Nicht schlüssig dargetan hat die Klägerin weiterhin eine Verwirklichung des Merkmals 8, welches besagt, dass sich die Zellgrößen gleichmäßig von einer Zelloberfläche zur anderen ändern. Merkmal 8 ist im Zusammenhang mit Merkmal 5 zu sehen, wonach die Zellen von einer zur anderen Oberfläche der Membran asymmetrisch angeordnet sind. Dabei ist Merkmal 5 so zu verstehen, dass sich bei dem asymmetrischen Porensystem die Größe der Zellen von einer Oberfläche der Membran zur anderen verändern soll, wie dies auch die Literatur aus dem Stand der Technik, vorgelegt von der Beklagten als Anlage B 1, zeigt. Die Veränderung der Größe muss auch gleichmäßig sein, wie sich anhand des Wortlauts des Merkmals 8 ergibt, wo von einer „gleichmäßigen“ Änderung die Rede ist. Auch führt das Klagepatent auf Seite 3 Zeilen 57 f. aus, dass sich die Porengröße nicht sprunghaft, sondern gleichmäßig ändert.

Nach dem Vorbringen der Klägerin sollen unter das Klagepatent keine Ausgestaltungen fallen, wie sie in der Anlage K 18 gezeigt seien, d.h. Membranen, die Ausbildungen von Kavernen zeigen, und Kompositmembranen. Da die angegriffenen Membranen solche Ausgestaltungen nicht aufweisen würden, würden sie von dem Merkmal 8 Gebrauch machen.

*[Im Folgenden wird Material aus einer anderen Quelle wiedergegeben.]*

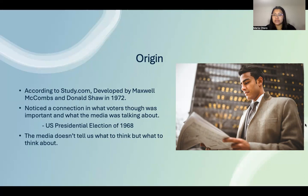To clarify it a little bit more: the media doesn't tell us what to think, but what to think about.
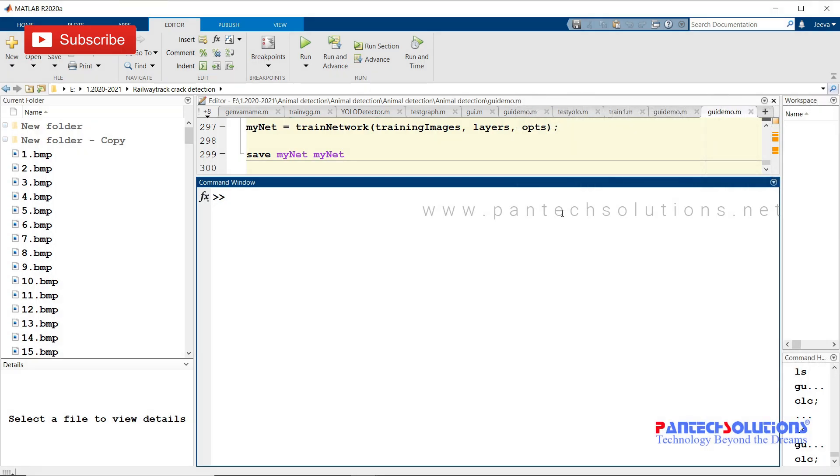Welcome to Pantac Solutions. In this video, we are going to see a demo on railway track crack detection using deep learning in MATLAB. First, change the path and run the main program.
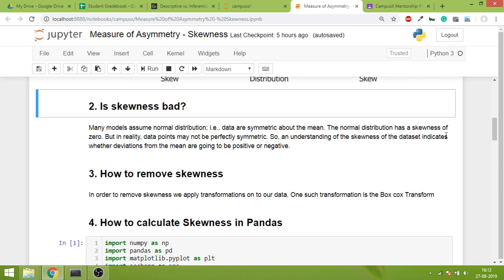So an understanding of skewness of the data set indicates whether deviations from the mean are going to be positive or negative. We have done normal distribution - Z scores, standard deviation. These things work on normal distribution. So skewness is important in this sense: if data is much skewed, as a data scientist or statistician, you will not apply the normal distribution techniques. Although you will get answers, they will be far from reality.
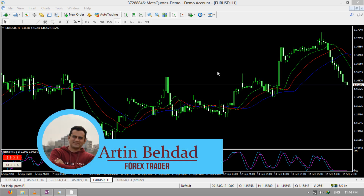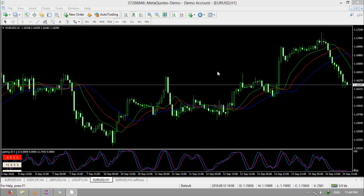In this presentation, I'm going to show you how to add or remove levels in your Fibonacci. In my 3 days Forex Analyzing course, I taught this completely. But in this presentation that is about teaching MT4, I will show you again.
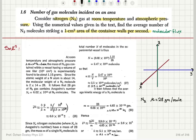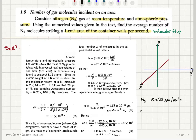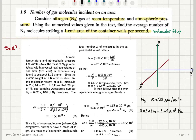Let's refer to the text for the numerical values used. At room temperature and atmospheric pressure, atmospheric pressure is one atmosphere, which in SI units is 1.01 times 10 to 5 Pascals, so it should be converted to Pascals. The mass of nitrogen gas contained within a vessel having a volume of one liter — one liter is 10 to 3 centimeter cubed.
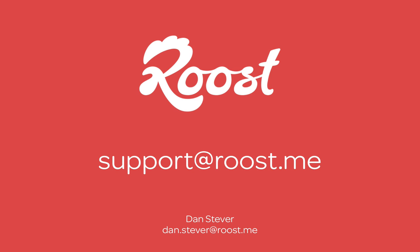Unsubscribing to receive notifications from a website is just as easy as subscribing once you find it. In a few clicks, you can make this change. If you have any questions, please contact us at support at roost.me. I'm Dan Stever, Developer Evangelist for Roost.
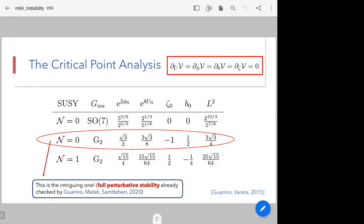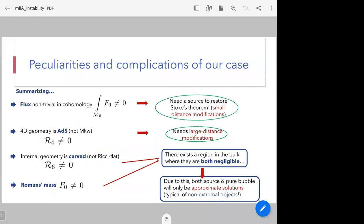While the first non-supersymmetric vacuum with enhanced SO(7) symmetry already exhibits perturbative instabilities within the supergravity description, the strictly G₂-preserving one is very interesting because it has been proven perturbatively fully stable. Two years ago, Guarino, Malick, and Samtleben computed the full Kaluza-Klein spectrum using exceptional field theory techniques and proved it's completely tachyon-free. This would be a candidate metastable non-supersymmetric ADS vacuum that might in principle be a counter-example to the Ooguri-Vafa ADS instability conjecture — definitely intriguing and worth looking into.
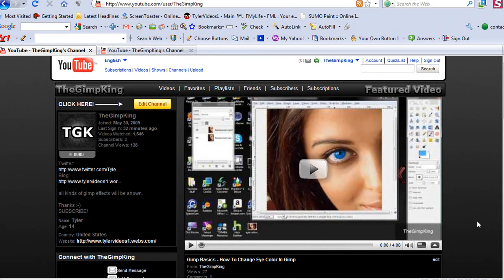Hey guys, it's the Gimp King here. I'm going to show you how to make a YouTube background sort of like mine.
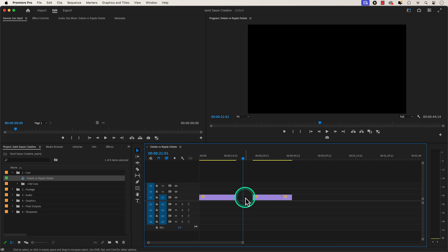To get rid of this gap, you can click on the gap between your clips and press the delete key.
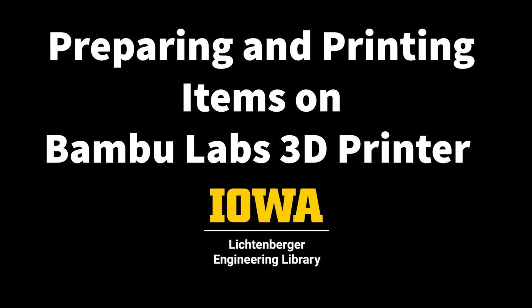This tutorial covers the basics of how to print a model on the Bamboo Labs 3D printer. There are many settings and options that will not be covered, but could be useful in printing your model. Exploration of the software and further learning is encouraged.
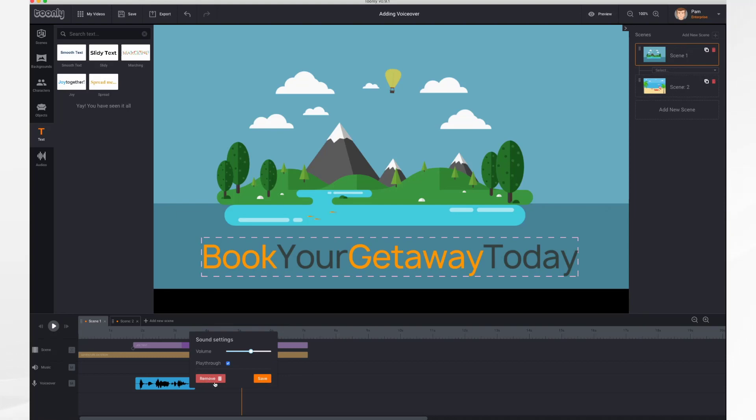And to remove your voiceover to delete it just click the remove button and that will delete it.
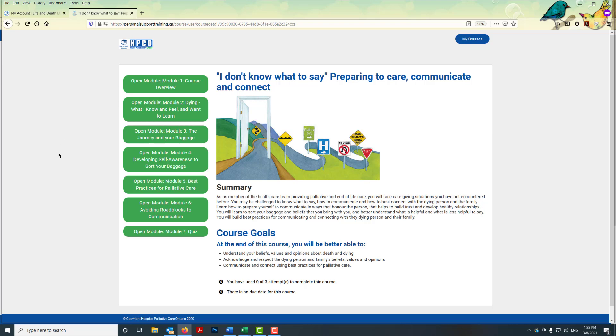There's a lot of flexibility here but also a lot of structure. Our structure is laid out in the order we've placed the modules, but it's your choice to learn in the order that you want to.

Die vergrößerten Abbildungen der angegriffenen Membranen nach der Anlage K 16 würden auch eine gleichmäßige Änderung der Porengröße zeigen.

Eine Verwirklichung des Merkmals ergibt sich anhand dieses Vorbringens nicht. Denn unabhängig von der Frage, ob das Klagepatent von seinem Schutzbereich lediglich Membranen ausschließen will, die Kavernen aufweisen oder zu den Kompositmembranen gehören, ist jedenfalls anhand der von der Klägerin vorgelegten vergrößerten Abbildungen der angegriffenen Membranen nicht zu erkennen, dass sich die Porengröße gleichmäßig ändert. Gerade die Abbildungen Anlage K 16 Seite 3 und 4, mit welchen die angegriffenen Membranen auf einen Maßstab von 1250 : 1 vergrößert wurden, zeigen eine ungeordnete Änderung der Porengröße. Der Bereich an der Außenseite zeigt große Hohlräume gefolgt von kleineren Hohlräumen, um in Richtung der Innenseite wieder vergrößerte Hohlräume aufzuweisen. Die Abbildungen lassen mithin eher den Schluss auf eine mehr sprunghafte Änderung der Porengröße zu, wie dies auch von der Beklagten behauptet wurde.

III.
Die Entscheidung zu den Kosten des Rechtsstreits beruht auf § 91 Abs. 1 ZPO.